Spirochetal diarrhea has low mortality but causes great economic losses to farmers due to high infectivity and negative impact on growth (1). The disease is caused by the bacterium Brachyspira pilosicoli and is treated with antibiotics. Today, we see an increased incidence of resistance in B. pilosicoli and multidrug-resistant strains have been found in Sweden (2), why the disease may be difficult to treat and control in the future. Therefore, the need for new ways to prevent the disease arises. In this study, we wanted to identify proteins of B. pilosicoli that the bacterium uses to attach to the intestinal mucosa. With knowledge of this process, we want to find ways to block the binding and thereby prevent onset of symptoms.

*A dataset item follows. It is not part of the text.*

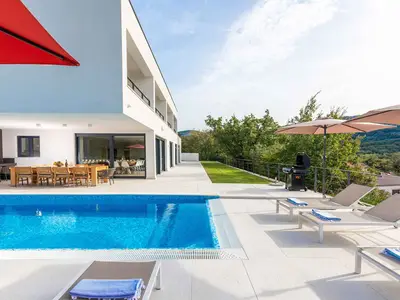 Villa für 12 Personen (313 m²) in Bakarac 7/10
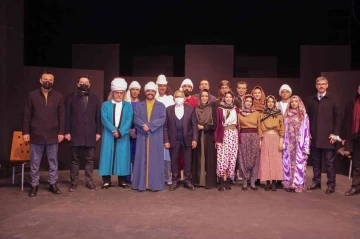Başkan Büyükkılıç, “Yunus Emre” adlı tiyatro oyununu izledi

A shotgun phage display library (3) from B. pilosicoli strain P43/6/78T was used to isolate bacterial proteins by affinity selection against a complex ligand – the porcine intestinal epithelial cell line IPEC J2. The genes encoding these proteins are simultaneously isolated and Sanger sequencing combined with deep sequencing using Nanopore technology identified the proteins.

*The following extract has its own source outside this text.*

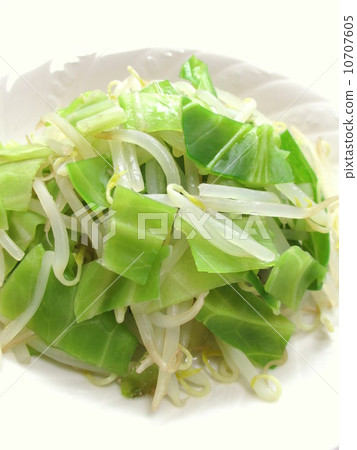 Boiled cabbage and sprouts 10707605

When selecting a phage library against a complex ligand there will be a lot of background. In this case, with the help of deep sequencing, a large number of the selected phage library clones could be identified and the majority of clones corresponded to a peptide ABC transporter substrate-binding protein, OppA. OppA homologues in B. pilosicoli have been evaluated as vaccine candidates (4) and a homologue in another spirochete, Treponema denticola, has been shown to have fibronectin-binding properties (5).
Deep sequencing may be a way of screening a large number of clones with high background resulting from selecting a phage library against a complex ligand. OppA may be one mean by which B. pilosicoli attaches to the intestinal epithelium but further confirmative studies are required.